50 views Asked by At

I have the below example code for some preprocess before sclading job runs and some post-process. As these pre-process and post-process are calling some mysql database I would like to know on which hadoop nodes would hadoop potentially run them? (I need to open the port from these nodes to database) could it run the pre-process and post-process any hadoop data-node? I tried doing some research but could not find any indication, how is it possible to find by documentation / sources on which node it would be run? (PS the jobs are scheduled with oozie)

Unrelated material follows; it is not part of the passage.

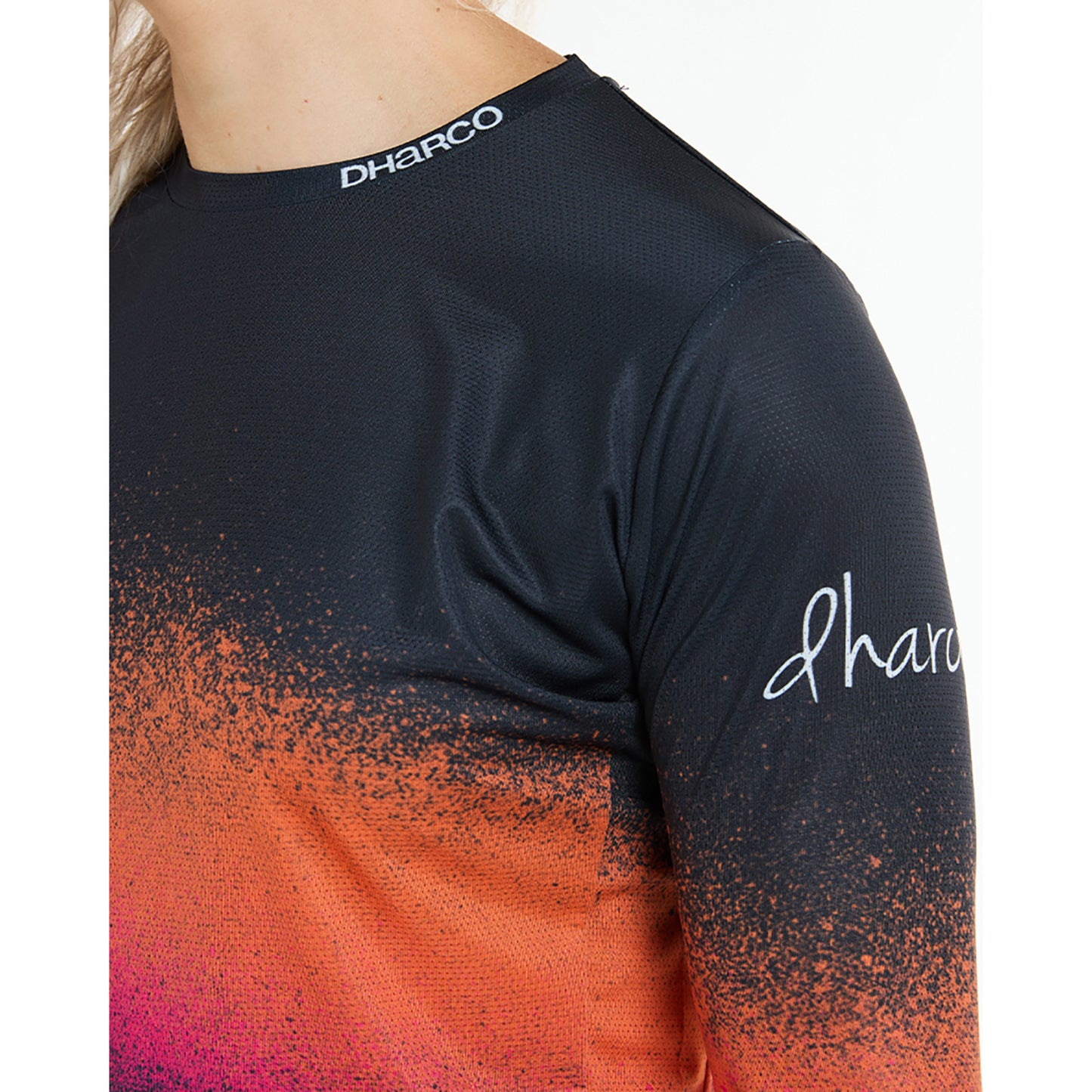Maillot de manga larga de mujer DHARCO RACE BLACK SNAKE Negro/Naranja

  preProcessingBeforeJobRuns() // **in which hadoop node would this be run? could it run on any datanode?**
  log.info(s"ABOUT TO RUN JOB with input $jobInput")
  val scaldingTool = new Tool
  scaldingTool.setJobConstructor(createJob(jobInput))
  val parser: GenericOptionsParser = new GenericOptionsParser(new Configuration(), args)
  scaldingTool.setConf(parser.getConfiguration)
  log.info(s"CALLING SCALDING RUN with args: ${args.toList.mkString(" ")}")
  val status = scaldingTool.run(args)
  log.info("FINISHED RUNNING JOB!")
  somePostJobProcessing() // **in which hadoop node would this be run? could it run on any datanode?**
1

There are 1 answers

0
Dan Osipov On BEST ANSWER

The code you've posted will run on the Hadoop master node. scaldingTool.run(args) will trigger your job, which would trigger the jobs that execute on task nodes.